Actually, perhaps both scenarios would be the reality. An abridgement could take a selection of individual chapters, each of which is a Content Doc in its entirety; but another abridgement could take selected content from one Content Doc (or portions of several).

Just a thought.

--Bill Kasdorf

Kotrch, Steve

unread,

Apr 19, 2011, 11:00:45 AM4/19/11

to epub-work...@googlegroups.com, Casey Dougherty, Al Cannistraro, Raymond Walsh

I concur with Bill—at least as far as S&S is concerned.

--steve kotrch

George Kerscher

unread,

Apr 19, 2011, 11:06:50 AM4/19/11

to epub-work...@googlegroups.com, Casey Dougherty, Al Cannistraro, Raymond Walsh

We may find that certain items are best with an overlay, e.g. poetry read
while a short story or article is just the text.

Best
George

Peter Sorotokin

unread,

Apr 19, 2011, 12:14:05 PM4/19/11

to epub-work...@googlegroups.com, Casey Dougherty, Al Cannistraro, Raymond Walsh

Marisa,

When you say "abridged audio" you mean that some text may not have
corresponding audio, not that some part of the text was rewritten to
condense it or something is rearranged, right? In other words, audio has
some gaps which are still available as text, but otherwise audio is a
faithful reproduction of text.

Peter

Peter Sorotokin

unread,

Apr 19, 2011, 12:35:43 PM4/19/11

to Alan Cannistraro, epub-work...@googlegroups.com, Casey Dougherty, Raymond Walsh

Yes it does, but I'd would like to express it more clearly. I think your
original wording can be read as trying to package full-text and abridged
version of the book in the same EPUB + provide media overlay for the latter.
I would not say "abridged" at all. Just say that (1) it is allowed for media
overlay not to cover all of the text and (2) Reading System may use either
text or media overlay as primary content source and in the latter case come
text content is skipped, if no corresponding audio exists for it.

Peter

On 4/19/11 9:20 AM, "Alan Cannistraro" <al...@apple.com> wrote:

> Peter - that would be one embodiment of this. The general case is that you
> may have a recording of audio that skips over entire sections (even documents)
> of an epub. In this case, we would want the audio to be the driver of
> sequence, rather than respecting every entry in the spine. To solve this, we
> would like a single MO to specify a sequence that spans Content Documents.
>
> Does this make sense?
>
> Alan

Daniel Weck

unread,

Apr 19, 2011, 12:58:42 PM4/19/11

to epub-work...@googlegroups.com, Casey Dougherty, Al Cannistraro, Raymond Walsh

In my understanding, there are essentially 2 "major" types of
synchronized text/audio books, leading to very different design
requirements:

(1) The audio narration faithfully reproduces the text content flow.
In this case, the text document is effectively the "master" in terms
of the resulting sequence of audio phrases during playback (bar
"skippability" and "escapability" artifacts, which may occur due to
footnotes, external image descriptions, special structures such as
tables, etc.) In terms of recording workflow, a reader/narrator would
create the audio overlay by following the spine and document(s) order
of a given EPUB. In terms of reading experience, the resulting EPUB +
Media-Overlay publication could be consumed in text-only mode, or in
synchronized text/audio mode, with no major content discrepancy.

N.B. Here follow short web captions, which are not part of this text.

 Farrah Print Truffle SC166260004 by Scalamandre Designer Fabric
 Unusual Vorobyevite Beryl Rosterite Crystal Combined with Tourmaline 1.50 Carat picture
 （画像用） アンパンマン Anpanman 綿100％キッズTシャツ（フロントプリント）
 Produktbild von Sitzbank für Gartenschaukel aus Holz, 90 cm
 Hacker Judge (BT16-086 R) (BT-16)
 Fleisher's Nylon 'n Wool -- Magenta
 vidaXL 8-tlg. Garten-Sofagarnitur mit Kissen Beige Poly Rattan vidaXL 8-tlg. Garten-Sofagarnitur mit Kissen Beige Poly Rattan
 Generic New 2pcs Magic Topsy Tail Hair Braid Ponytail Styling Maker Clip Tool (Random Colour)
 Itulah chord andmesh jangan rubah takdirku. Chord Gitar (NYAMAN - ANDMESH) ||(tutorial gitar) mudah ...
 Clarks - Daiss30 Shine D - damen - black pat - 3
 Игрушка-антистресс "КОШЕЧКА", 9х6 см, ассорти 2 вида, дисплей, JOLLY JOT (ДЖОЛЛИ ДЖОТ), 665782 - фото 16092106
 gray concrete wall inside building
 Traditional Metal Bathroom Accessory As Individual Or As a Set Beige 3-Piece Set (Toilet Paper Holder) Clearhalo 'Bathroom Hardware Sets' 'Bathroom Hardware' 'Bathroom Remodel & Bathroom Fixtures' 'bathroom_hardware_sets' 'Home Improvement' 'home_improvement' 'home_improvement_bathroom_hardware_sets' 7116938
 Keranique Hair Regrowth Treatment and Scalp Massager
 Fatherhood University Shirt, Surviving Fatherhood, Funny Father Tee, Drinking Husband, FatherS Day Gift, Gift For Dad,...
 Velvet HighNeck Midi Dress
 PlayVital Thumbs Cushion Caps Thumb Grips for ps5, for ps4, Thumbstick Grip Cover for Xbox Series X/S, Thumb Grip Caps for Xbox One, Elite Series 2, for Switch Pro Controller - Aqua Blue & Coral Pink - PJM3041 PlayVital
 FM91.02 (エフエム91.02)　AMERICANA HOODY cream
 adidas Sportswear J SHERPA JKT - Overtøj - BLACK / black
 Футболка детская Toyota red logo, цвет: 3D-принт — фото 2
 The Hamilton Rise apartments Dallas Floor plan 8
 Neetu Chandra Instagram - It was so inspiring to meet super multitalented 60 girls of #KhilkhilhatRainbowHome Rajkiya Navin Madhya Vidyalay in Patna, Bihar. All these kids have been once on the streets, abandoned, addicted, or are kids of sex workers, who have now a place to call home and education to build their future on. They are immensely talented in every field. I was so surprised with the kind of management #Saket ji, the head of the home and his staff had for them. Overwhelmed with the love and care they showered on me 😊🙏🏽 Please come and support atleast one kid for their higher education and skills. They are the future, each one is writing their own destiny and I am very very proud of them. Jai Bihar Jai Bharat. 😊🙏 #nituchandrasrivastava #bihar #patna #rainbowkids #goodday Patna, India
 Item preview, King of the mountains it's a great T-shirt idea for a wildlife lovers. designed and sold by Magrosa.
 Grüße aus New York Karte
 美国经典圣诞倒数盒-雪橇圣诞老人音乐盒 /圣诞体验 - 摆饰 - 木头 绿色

(2) An existing pre-recorded audio book is "mapped" onto an existing
EPUB text-only publication, in such a way that the content flow
present in the audio is preserved. For example, the audio book may
skip paragraphs, or may jump forwards and backwards through various
major sections of the book. In this case, the audio narration is
effectively the "master" when the EPUB3 + Media Overlay publication is
consumed in synchronized text+audio mode. Conversely, the linear text-
only reading experience may result in a different sequence.

With (1), text+audio reading systems follow the spine order, and they
execute the playback sequence described in the SMIL overlay for each
Content Document encountered. The fact that a given Content Document
can only have a single Media Overlay makes it easy for reading systems
to re-sync the audio when the user decides to jump to an arbitrary
chapter of the book.

With (2), text+audio reading systems must be able to ignore the spine
order, which is enabled by the ability for a given Media Overlay to
reference different Content Documents. Basically, the declarative SMIL
timing structure becomes the orchestrator of the playback experience,
picking arbitrary parts of the text content along the way, not
necessarily following the text-centric flow of the book.

If I understand correctly, this is what justifies the 1:1 -> 1:many
mapping between Content Documents and Media Overlays. Marisa, do I get
this right ? :)

Regards, Daniel

Marisa DeMeglio

unread,

Apr 19, 2011, 6:10:00 PM4/19/11

to epub-work...@googlegroups.com, Casey Dougherty, Al Cannistraro, Raymond Walsh

Hi Daniel,

That's exactly correct!

Regarding Peter's comments:

Basically, the abridged audio example is the initiative for this
change, but the spec prose will not specifically cite this use case.

We already mention that Media Overlays do not have to cover every
element in the Content Document, so that should be taken care of.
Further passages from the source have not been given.